بســـم الله الرحمن الرحيم

 

6.2

 

Ey Râfizî!

“Ali'nin imameti nass ile sabittir, icmaya ihtiyaç yoktur.” diyecek olursan, şöyle deriz:

İmaen veya sarahaten Ebubekir'in (r.a.) takdim edilmesiyle ilgili bir çok nasslar geçti. Ayrıca sahabilerin ona biat edip, onu Resulullah2ın (sallallahu aleyhi ve sellem) halifesi ismiyle tesmiyede icma etmeleri üstünlüğünün bir başka yönüdür. Ebubekir'in (r.a.) hilafeti hakkında yapılan tartışmalar iki yönlüdür.

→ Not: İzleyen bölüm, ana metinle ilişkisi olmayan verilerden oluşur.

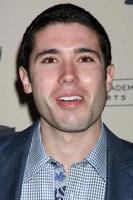 LOS ANGELES - JUN 14 - Kristos Andrews arrives at the ATAS Daytime Emmy Awards Nominees Reception at SLS Hotel At Beverly Hills on June 14, 2012 in Los Angeles, CA photo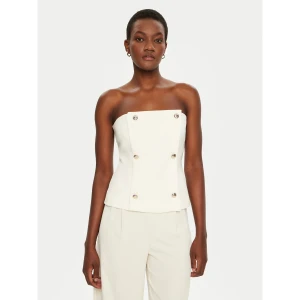 Foto del prodotto Marciano Guess Top 5RGH10 7115A Écru Regular Fit Crema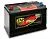 Аккумулятор ZAP Plus 100 Ач, 680 А, 12 v, Прямая L+ (1), JIS D31, B13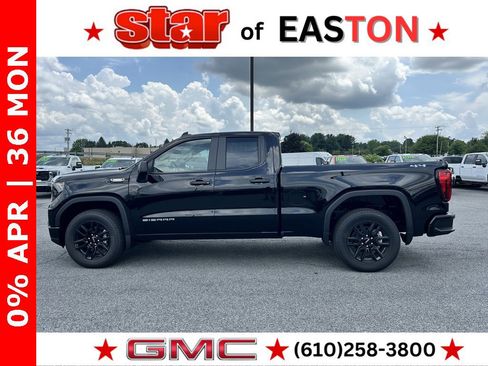 New 2025 GMC Sierra 1500 Pro w/ Graphite Edition image 5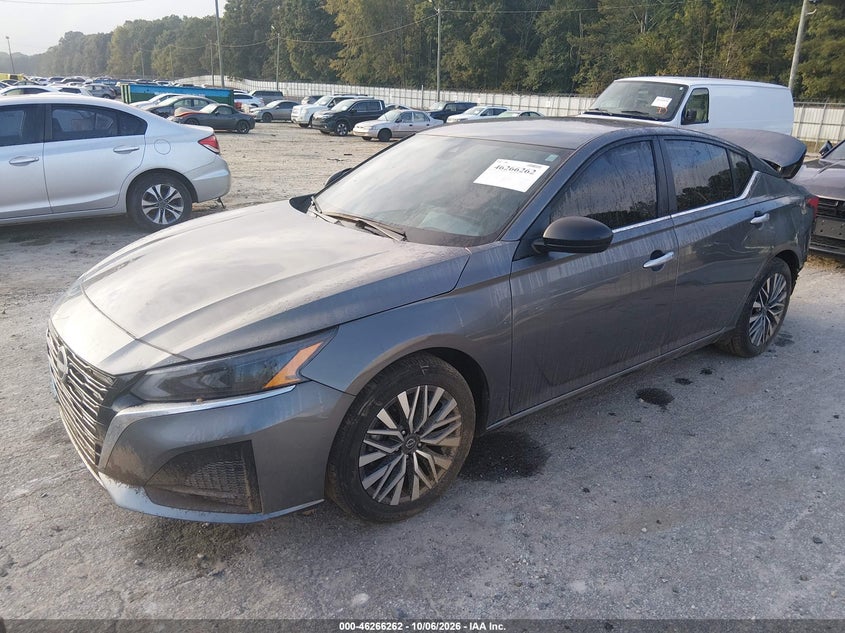 Vin: 1n4bl4dv0sn334313, lot: 46766341, nissan altima sv fwd 20252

Birincisi, hilafetin fiilen gerçekleşip gerçekleşmediği;

İkincisi, gerçekleşmemişse onun hakkı olup olmadığı doğrultusundadır. Birinci yönü tevatürle sabittir. Yani bütün insanlar Resulullah'tan (sallallahu aleyhi ve sellem) sonra Ebubekir'in (r.a.) hilafeti yürüttüğü, Resulullah'ın (sallallahu aleyhi ve sellem) yerine geçtiği, onun yerinde ümmete halife olduğu, hadleri tatbik edip hukuku yerine getirdiği, kafirlere savaş açıp mürtedleri öldürdüğü, işleri ehline tevdi edip, malları taksim ettiği, imamın yapması gereken ne varsa onu yaptığı ve hakikaten ümmet arasında imameti ilk önce onun aldığı hususunda ittifak etmişlerdir.

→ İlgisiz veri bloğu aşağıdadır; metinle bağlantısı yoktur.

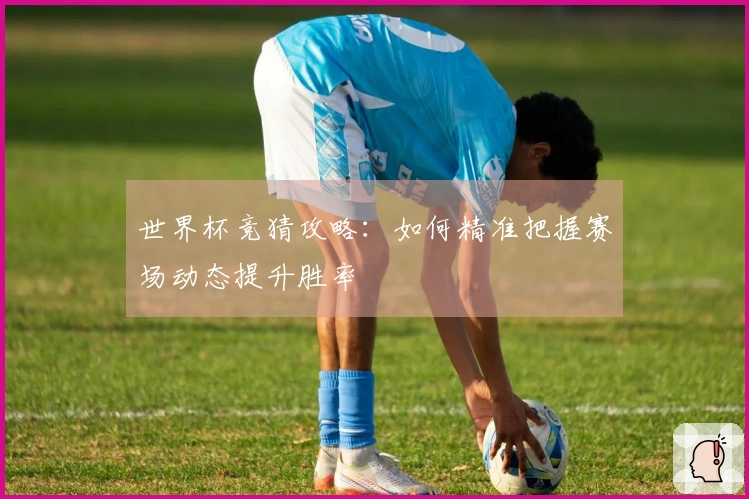 世界杯竞猜攻略：如何精准把握赛场动态提升胜率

Meselenin ikinci cihetine gelince, yani, Ebubekir'in (r.a.) hilafete layık olduğu hususunda icmadan başka birçok nakli deliller de vardır. Ali'nin (r.a.) hilâfete lâyık olduğunu ispatlayacak bir yol varsa, mutlaka aynı yolla Ebubekir'in (r.a.), Ali ve başkasından hilafete daha layık olduğunu yine daha güzel bir şekilde ispatlamak mümkündür. Böyle olunca her iki halde de Ebubekir'in (r.a.) hilafeti üstlendiğine ve ona layık olduğuna dair icmaya da ihtiyaç kalmaz. Ama yine de icmanın meydana geldiğini söyleyebiliriz.